NHKのテレビ番組「チコちゃんに叱られる」で座布団の隅に房があるのはなぜ? が放送された(9月9日)。座布団の4隅の房には中の綿がずれないようにするという実用的な意味の他に、「邪気を祓う」意味があるとのことだった。房は卓上ほうきに形が似ている。大相撲の土俵の上の吊屋根の房にも同じ意味があるという。これはよく分かる。

番組を見ていて、蕨手にも同じ意味があるのではないかと思った。蕨手は名前が示す通り山菜の蕨をモチーフにしたデザイン。早蕨はこれからどんどん生長する元気なもの。

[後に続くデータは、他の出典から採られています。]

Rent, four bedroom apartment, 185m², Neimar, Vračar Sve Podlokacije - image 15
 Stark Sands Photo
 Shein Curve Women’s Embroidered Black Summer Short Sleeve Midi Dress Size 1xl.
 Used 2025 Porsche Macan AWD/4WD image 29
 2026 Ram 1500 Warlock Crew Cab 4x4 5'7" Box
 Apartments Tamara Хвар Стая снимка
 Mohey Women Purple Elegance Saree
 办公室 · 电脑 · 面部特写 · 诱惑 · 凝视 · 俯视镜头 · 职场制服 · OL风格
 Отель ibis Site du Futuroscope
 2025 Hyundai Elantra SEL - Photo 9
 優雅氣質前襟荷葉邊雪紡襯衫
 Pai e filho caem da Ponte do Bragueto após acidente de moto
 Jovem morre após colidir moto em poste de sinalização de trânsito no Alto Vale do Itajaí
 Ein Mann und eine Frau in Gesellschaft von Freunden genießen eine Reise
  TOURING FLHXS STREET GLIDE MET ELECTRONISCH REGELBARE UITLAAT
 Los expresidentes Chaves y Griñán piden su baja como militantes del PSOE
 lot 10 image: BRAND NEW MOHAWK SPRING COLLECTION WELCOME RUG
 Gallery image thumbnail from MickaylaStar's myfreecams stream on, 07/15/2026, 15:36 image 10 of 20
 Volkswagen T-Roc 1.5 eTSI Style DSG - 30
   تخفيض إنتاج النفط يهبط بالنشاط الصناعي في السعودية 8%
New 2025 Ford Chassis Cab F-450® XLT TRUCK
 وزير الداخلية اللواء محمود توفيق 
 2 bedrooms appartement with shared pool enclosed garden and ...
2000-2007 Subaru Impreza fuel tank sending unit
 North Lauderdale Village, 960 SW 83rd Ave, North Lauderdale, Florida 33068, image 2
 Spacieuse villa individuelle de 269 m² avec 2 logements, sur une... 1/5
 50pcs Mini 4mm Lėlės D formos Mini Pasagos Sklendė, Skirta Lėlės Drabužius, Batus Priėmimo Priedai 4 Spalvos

そう、蕨手はみなぎる生命力の象徴なのだ。元気なものに邪気は取り憑きにくいといわれる。

双体道祖神には熱々な男神と女神の姿が彫られている。熱々カップルにも疫病神は取り憑きにくいといわれている(過去ログ)。『道祖神』降旗勝次編(鹿島出版会1981年)には次のような記述がある。**道祖の神々に官能的な姿態をとらせ、生命力の旺盛さを強調し、それによって悪霊などの外敵の侵入を防ごうとした人たちの心根は微笑ましい。**(182頁 太文字化 筆者)

蕨手が持つ意味をネット検索したが見つからなかった。で、ここで唱えてしまおう。火の見櫓の蕨手には厄除け、災害除けの意味がある、と。


追記:これは眉唾な珍説ではなく、案外当たっているかもしれないと勝手に思っている。